An unknown individual generated 21,877 Sybil wallets, a token and even launched a DEX just to fake on-chain activity.

An individual has made a whole ecosystem with its own token, wallets, and even launched a decentralized exchange (DEX) just to fake on-chain activity.

According to a DeFi analyst @lingland09, the individual funded 21,877 Sybil wallets with very small amounts of ether (ETH) and then deployed a smart contract for a token dubbed gemstone (GEM).

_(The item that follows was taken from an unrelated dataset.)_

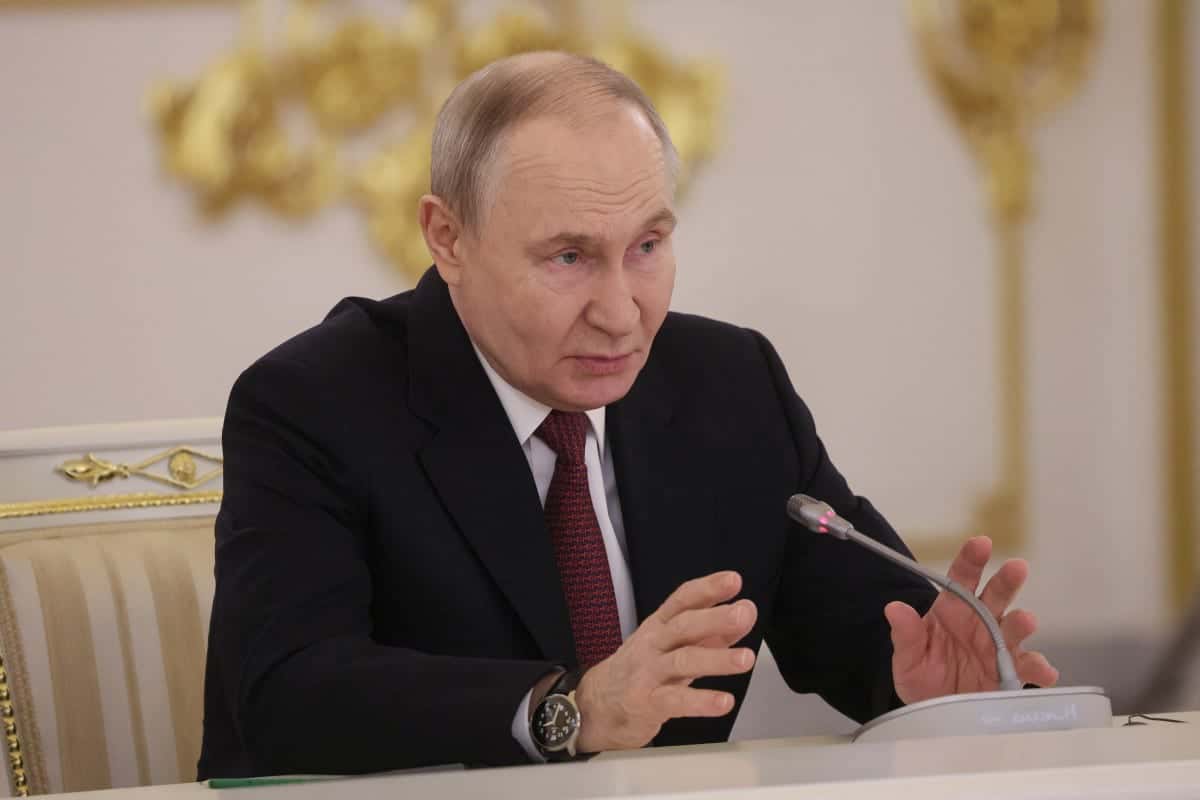 Russian President Vladimir Putin attends a meeting with UAE President at the Kremlin in Moscow on January 29, 2026. (Photo by MAXIM SHIPENKOV / POOL / AFP)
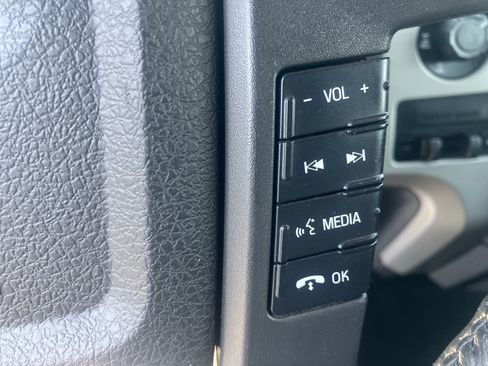 Used 2013 Ford F150 XLT w/ XLT Chrome Pkg AWD/4WD image 21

Later, the coder developed a personal non-open sourced DEX “just for indirectly applying transactions between his wallets,” @lingland09 explained.

Fake on-chain activity with GEM tokens done by the coder through a personal DEX | Source: X

Once the exchange was up and running, the individual added liquidity to GEM tokens with 80 ETH to make the artificial token valuable.

“Then he swapped $gem tokens that he claimed from 21877 wallets at gem/eth pair and gained 0.6-0.7 eth value of profit.”

@lingland09

To automate the whole process, the coder made a trading bot, generating ten transactions with $10,000 in volume on zkSync Era network. Although the reason behind the activity remains unclear, @lingland09 suggests the coder is a “professional airdrop hunter” who might be faking activity on the zkSync Era network to prepare for a possible airdrop.

In March 2023, crypto.news reported that Arbitrum’s airdrop for its governance token, ARB, faced significant Sybil activity, exacerbated by what experts call “ineffective” detection rules. A crypto security researcher, X-explore, found that Arbitrum’s Sybil detection rules had flaws, exploited by almost 280,000 same-person and over 148,000 Sybil airdrop addresses.